Your stomach, for example, sends messages to your brain when it’s hungry. That one’s easy. Others aren’t quite so cut-and-dried: Craving salty foods? There’s a good chance you may be dehydrated—which, if you stop and think about it, seems like a complete contradiction, sense drinking salt water can lead to dehydration (there IS science behind it, but it still seems a bit freaky).

While it’s a myth that your eyeballs will pop out if you keep them open when you sneeze, your eyes automatically close 99.9% of the time. And some studies have shown that physically smiling while you’re on the phone actually makes you sound friendlier, even if you’re doing something unpleasant like disputing a credit card purchase.

So much for body control…

What does all this have to do with CrossFit? Before we go there, let’s look at one more instance where a conscious action causes an involuntary reaction in the human body: kiai.

Kiai is the time-honored practice of yelling during martial arts moves. Sure, it adds dramatic effect; is there another reason?

As it turns out, more than one. For starters, the trained, forced, rapid exhalation of breath can drive focus (focusing on breath means less of a chance you’ll focus on the seemingly impossible, like breaking a brick with your bare hand). But it also pushes oxygenated blood flow to the extremities.

OK, while it may be involuntarily, there’s still a bit of cause/effect there—or there would be, if that was all that happened. But there’s more: practicing the kiai also

  1. Contracts both the diaphragm and the chest, which improves your chances of successfully taking a hit.
  2. Strengthens your core by tightening your abdominal muscles.
  3. Drives extra energy into the strike by causing you to focus on the moment of impact.
  4. Can catch opponents off guard if they are anticipating it or don’t know what to expect. Think of it as a battle cry in a real fight, but it also shows spirit in professional competition.

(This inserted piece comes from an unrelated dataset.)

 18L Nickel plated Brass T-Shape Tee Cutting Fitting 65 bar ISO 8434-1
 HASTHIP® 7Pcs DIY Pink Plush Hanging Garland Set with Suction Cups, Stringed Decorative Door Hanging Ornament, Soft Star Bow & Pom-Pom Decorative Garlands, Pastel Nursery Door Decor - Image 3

So essentially, you’re controlling one thing: a yell or scream. But the effects run throughout your entire body. If it works for martial arts, would it work for CrossFit training? Is kiai really that different from grunting or screaming or cursing when working out?

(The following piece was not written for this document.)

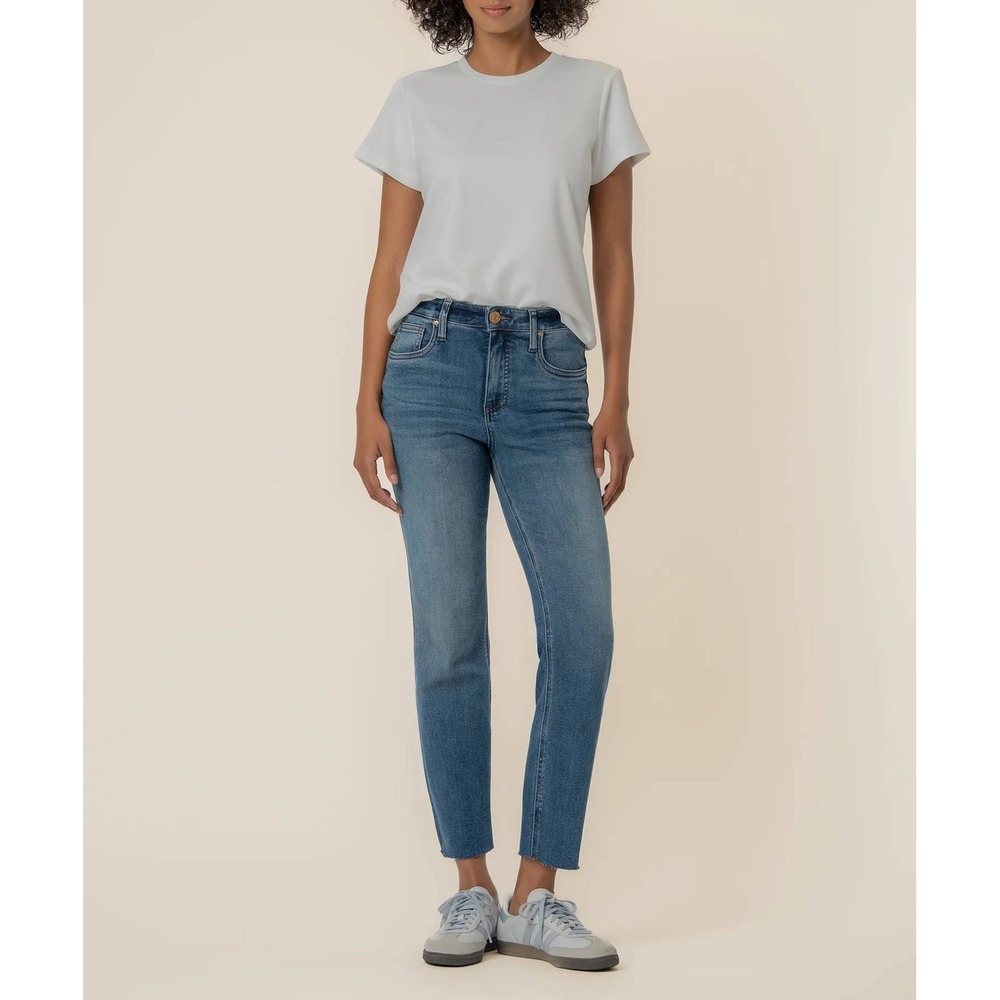 Kut From The Kloth Rachael High Rise Fab Ab Mom Jeans Indigo Blue Sz 16 NWT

Not at all; the same basic principles apply, and for much the same reasons. People are calling your name, the clock is ticking, and you have to pull strength from the depths of your soul in order to hit that last set of reps. The world slows, you’re hyper-aware, and everything you are is focused your body is doing. You scream in anguish … or is the screaming part of the reach? Does it matter? It all flows together as you push beyond where you thought you could.